Carl nodded and looked over his shoulder. The top two or three floors of the seventeen-story glass and steel building were missing, creating a ragged scar that billowed a dark plume of smoke into the sky. What remained of the stricken tower seemed to sink, slowly at first, as the structure collapsed and crumbled to the ground. A huge cloud of gray smoke, dust, and debris exploded outward through the streets like a volcanic pyroclastic flow, and in seconds all the surrounding buildings were hidden from view by thick gray dust.
Carl turned forward in his seat and put on his seat harness.
“I get that you wanted to steal the antidote,” Blick said. “But I don’t see the value of taking out the building.”

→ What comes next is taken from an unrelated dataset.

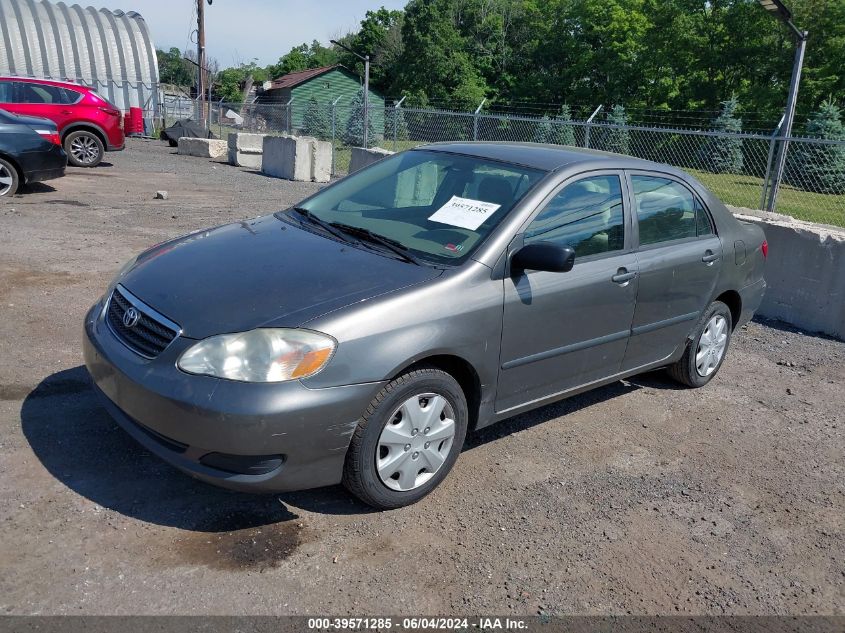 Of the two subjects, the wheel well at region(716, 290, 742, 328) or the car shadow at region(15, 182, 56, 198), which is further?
the car shadow at region(15, 182, 56, 198)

“That’s because you don’t know what they were playing with inside that lab.” Carl paused for a moment. “Pretty soon the vice president will have something new to think about.”
Chapter 45
1530 hours MST Saturday
Northern Mexico
Carl held his breath as the helicopter thumped down hard on the tarmac outside the hangar where he’d left the Gulfstream and his other team members. The mild rumbling he’d felt leaving the rooftop had become an ear-wrenching, continuous squeal of metallic death as the pilot struggled to keep the aircraft airborne. Carl clutched the case of antidotes in his lap. Whatever else happened, he didn’t want to lose the case. When it became clear the chopper wasn’t going to explode or fall over sideways and grind its rotors into shrapnel, he let out his breath and unbuckled his seat harness.
“Mr. Blick,” he said while opening the case. “Your job here is done. Get as far away from here as you can and don’t look back. If they find you, you’re in for a tough time.”
“Right. E-and-E 101.” When Carl tented his eyebrows in confusion, Blick added, “Escape and evasion.”
Carl nodded and stuck a vial into the receiver on the back of the injector handle. He pushed up Blick’s short sleeve shirt and pressed the device against his bicep, near the shoulder. He squeezed the trigger and the device hissed for a couple of seconds as pressurized gas forced the blue serum out of the injector vial and into Blick’s arm.